Antony Gormley has made his reputation as an artist with a series of bold pieces reflecting form, usually the human body. The most notable of those pieces is The Angel of The North, just outside Newcastle. Never does a train journey to Newcastle or beyond pass without the whole carriage craning to see the soaring figure of a winged human shape, standing guard over the adjacent motorway.

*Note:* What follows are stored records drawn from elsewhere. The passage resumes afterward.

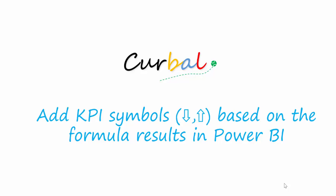Hello, this is Ruth Pozzuolo from Curval.com and today I'm going to show you how to add KPI symbols based on the formula results in Power BI.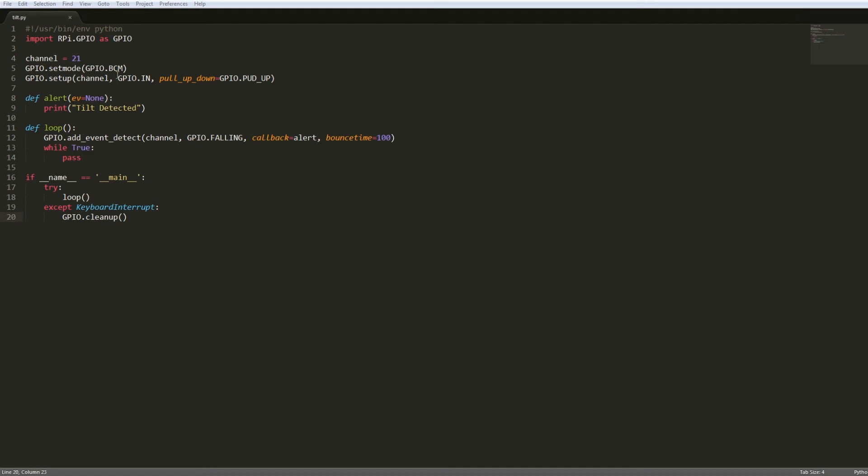And then if we jump down to 16 through 20, this is the main loop area. This loop is constantly running, this infinite loop, and essentially what happens is if there's an event detected - in this case when the sensor goes roughly 90 degrees - it'll call this function and just print this tilt detected message. And then on exit it just cleans up the pins that were previously set up. So yeah, that's pretty much it, very basic stuff here.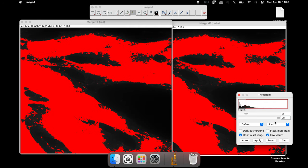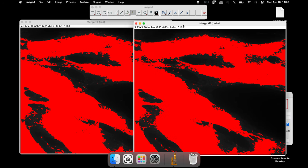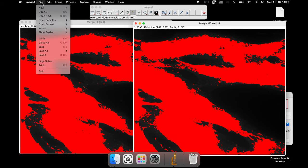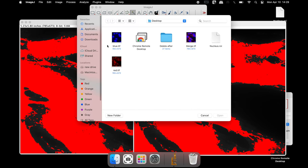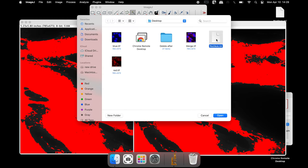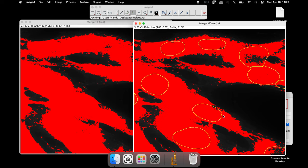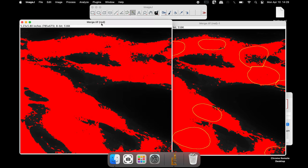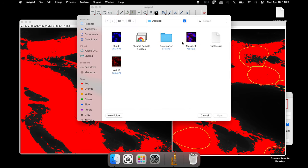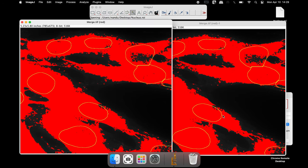Once the threshold is set, select the right hand side image and open the Nucleus.roi file that was saved earlier — now the nuclei are selected. Repeat the same step for the left hand side image.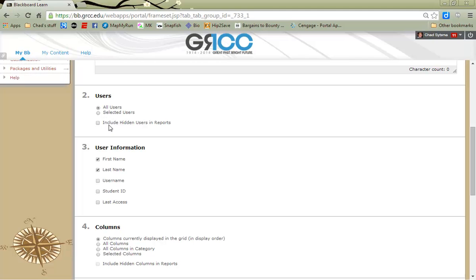If I select All Users, I have the option of also including any users that I may have hid under the Customizing Grade Center Views features of Blackboard.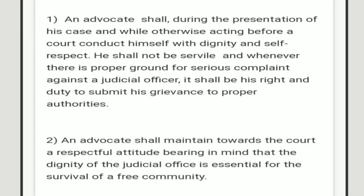The first duty of the advocate is that during the presentation of the case, and while acting otherwise before the court, an advocate is required to conduct himself with dignity and self-respect. When an advocate is present in the court, he must maintain dignity and self-respect. An advocate should never be servile, and should never rush or be disrespectful to any person.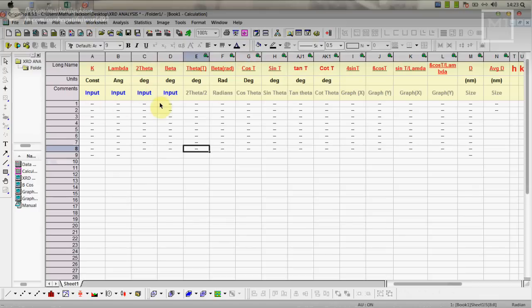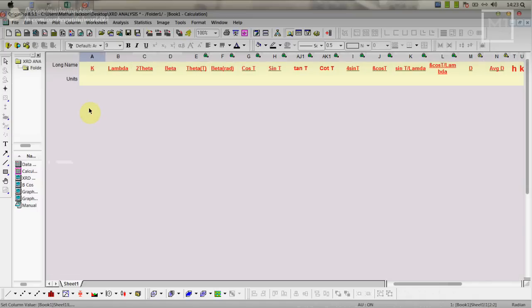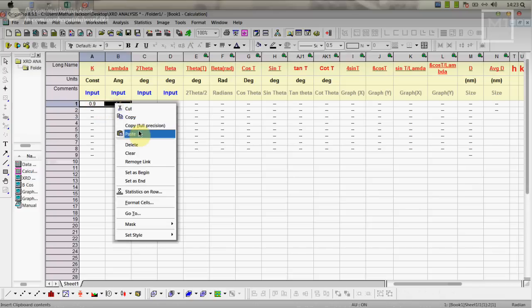Let's move on. Now we are going to give inputs. Basically constant is 0.9 and lambda is 1.5. Now we just copy this and paste over here.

In Blind Light, his first major London show, Gormley has pulled out all the stops in his exploration of space. Several large scale instillations have been ensconced in The Hayward Gallery, the most memorable and affecting being the title piece. Blind Light is a large glass room filled with dense white mist. It is a thrilling and frightening experience, you literally can’t see a thing, nervously feeling for the glass walls and embarrassingly knocking into people all around you (the room contains up to 25 people at one time, you have to queue to get in). The piece is nothing without spectators and participants, it perfectly illustrates the artist’s views on engagement with art in general. Watching from outside you can see people inside the glass, but only when they are close to the walls, their hands tentatively reaching out, and of course they can’t see you, it’s a wonderful image.
The other piece that you are required to queue for is Hatch. Only two people are allowed into this small room at a time, it’s made up of endoscopic tubes, allowing you to look out and others to look in. Inside, from the walls and floor protrude metal bars or varying size randomly positioned. This makes you acutely aware of your environment, every step carefully judged, the fact that people are looking at you makes you feel slightly self conscious, if not uncomfortable. When walking around in our daily lives such judicious thought or specific scrutiny is not our general experience.
Other than this, the exhibition takes a more conventional Gormley form; casts of the artist feature in several works, in another concrete boxes (one for the head, one for the body) are cast representing the measurements of his volunteers, an army of them filling up a room, also positioning the various bodily orifices as holes in the concrete. Everywhere at the exhibition you are required to look at things slightly differently, often confronted with human form in strange positions, or a environment where you have to think carefully about your own position, as it Habitat.
My favourite piece is not in the Hayward itself, it is Event Horizon, 31 metal statues taken from a full body cast of Gormley, and placed around, but radiating towards, the gallery, dotting the skyline on top of buildings and even on Waterloo Bridge. These expressionless creations bring into scale the hugeness of the urban environment, or the smallness of the human form, and make us reflect on our place in the landscape (a further variation on ‘Habitat’). You actually don’t notice the statues at first when busily walking along The Southbank, but when you do want to see them they are everywhere, you’re amazed they didn’t strike you straightaway. These weird people amongst the familiar skyline are unsettling, but also feel like they belong there. Already people are wondering if they can ever be removed.
Judging the exhibition overall, I think Gormley’s motif is almost worn out with repetition, the grand new works going through the motions. Certainly the high blown language of the exhibition guide can be off-putting, I personally either feel a visceral reaction to something or not, I don’t think people need a paragraph or two to tell them how to feel about art (a simple statement can be useful, granted). I’m certainly not saying that the exhibition is not worthwhile, it is, but with the familiarity in the work, queues at the gallery and hyperbole surrounding the show, it can feel a little bit like a theme park ride.